My Fellow Law Enforcement Leaders,
I am deeply saddened by the National Law Enforcement Officers Memorial Fund (NLEOMF) report released yesterday, presenting preliminary 2011 year-end data that indicates 173 law enforcement officers were killed in the line of duty. This is a 13 percent increase over the 153 line of duty deaths in 2010, and a startling 42 percent increase over the 122 officers killed in 2009. Tragically, 68 officers were shot and killed in 2011. This contributes to an upward trend of needless deaths that have occurred in recent years. For the first time in 14 years, officers killed in firearms-related incidents exceeded the 64 officers who died in traffic-related incidents.
I know how tragic each of these deaths is for the families and loved ones left behind and for the men and women of the deceased officers’ departments. I know each and every IACP member joins me in sending our deepest condolences to the loved ones and colleagues of these fallen heroes.
I can assure you that I am committed to the issues involving officer safety. I have made this one of the priority issues of my presidency, and I will do everything possible to reverse this unacceptable wave of violence directed at the men and women on the front lines of law enforcement not only in the United States but also around the world.
To that end, I can assure you that the IACP will continue its efforts legislatively and programmatically to remove illegal firearms from our streets, ensuring they do not get into the hands of violent criminals. We will continue our efforts to prevent officer injuries through the efforts of our IACP SACOP SafeShield program, which promotes overall officer safety including through the use of body armor. The IACP has been successful in educating law enforcement about the importance of body armor. To date, the IACP/DuPont Survivors Club has recorded that 3,142 officers’ lives have been saved because they were wearing their vests. In 2011 alone, there are 70 reported saves.

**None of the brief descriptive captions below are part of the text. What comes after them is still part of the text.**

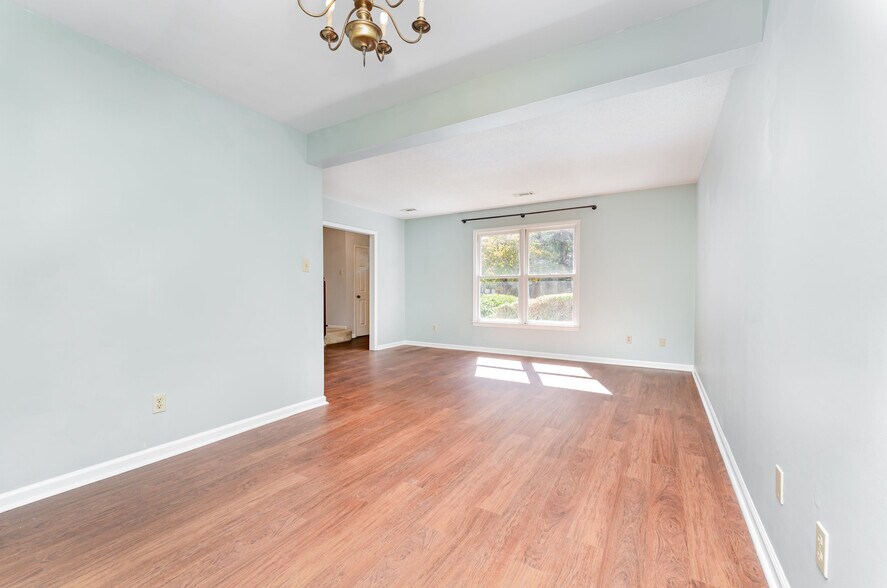 Building Photo - 1605 Budwood Dr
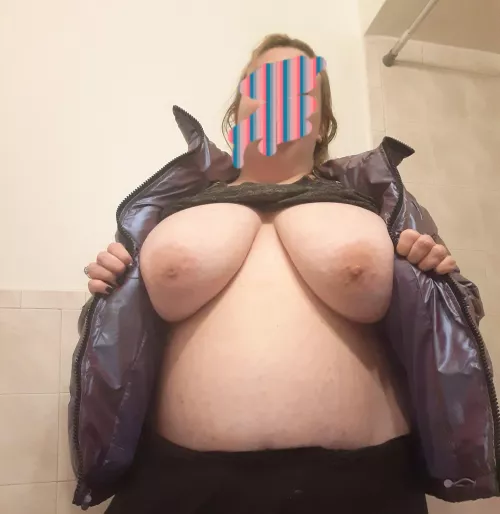 Breaking in my fabulous new winter coat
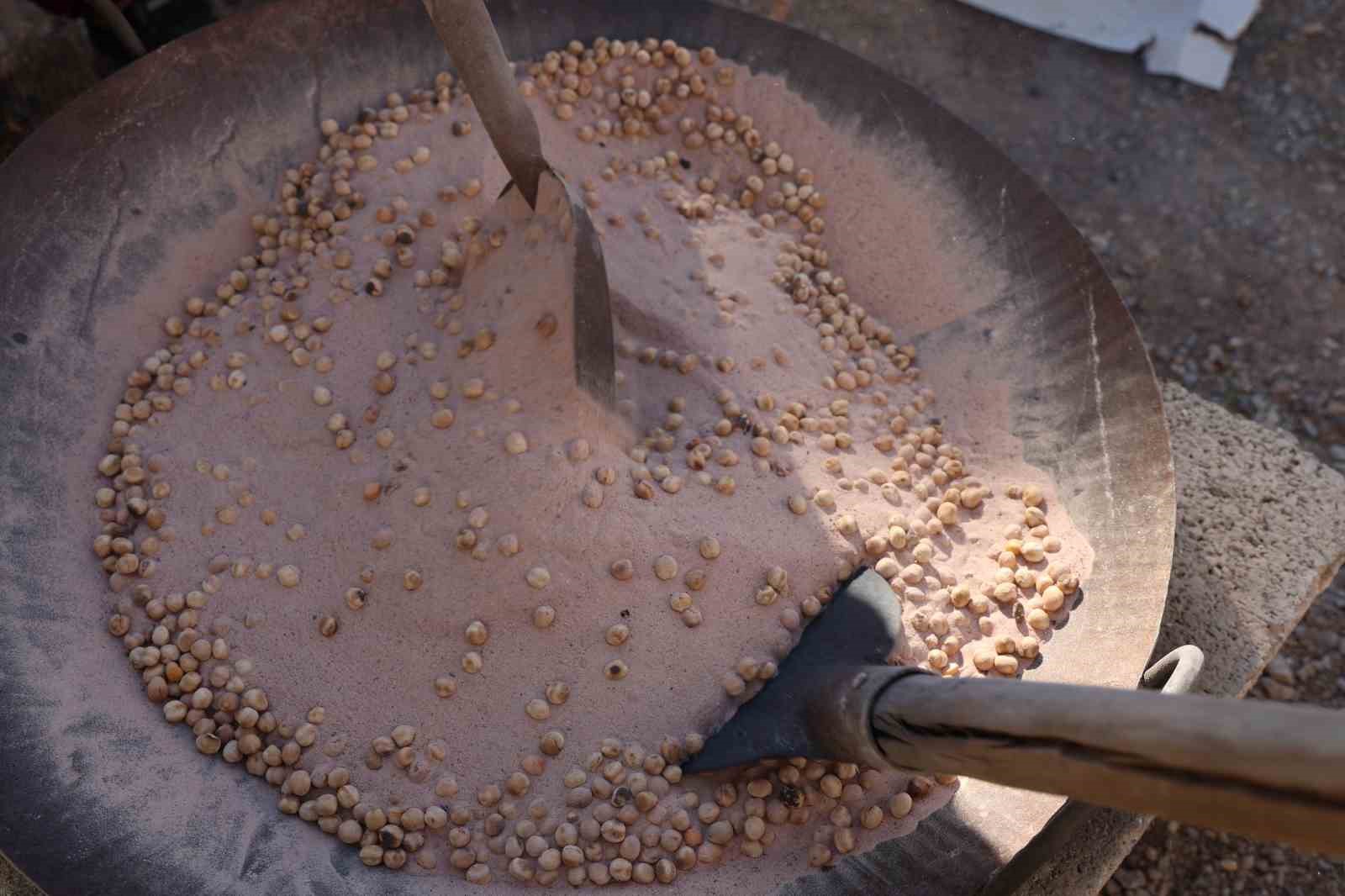 Kadın kooperatifinden büyük başarı: Özel ürettikleri leblebiye ülke genelinden talep var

The IACP National Center for the Prevention of Violence Against the Police, a joint effort with the U.S. Department of Justice, Bureau of Justice Assistance, in 2012 will continue its research to develop protocol and strategies across the criminal justice system to prevent and ultimately eliminate violence against law enforcement officers. The National Center’s operations will focus on conducting research and analysis, translating the findings into actionable information, and disseminating recommendations to the field.
I look forward to working collectively with the law enforcement leadership that the IACP represents to do everything humanly possible to protect the brave men and women of our profession from injury and death. Together, we can make 2012 a much safer year. We owe it to the families and loved ones who each day wonder if their law enforcement husbands, wives, fathers, mothers, sons, and daughters will return home safely.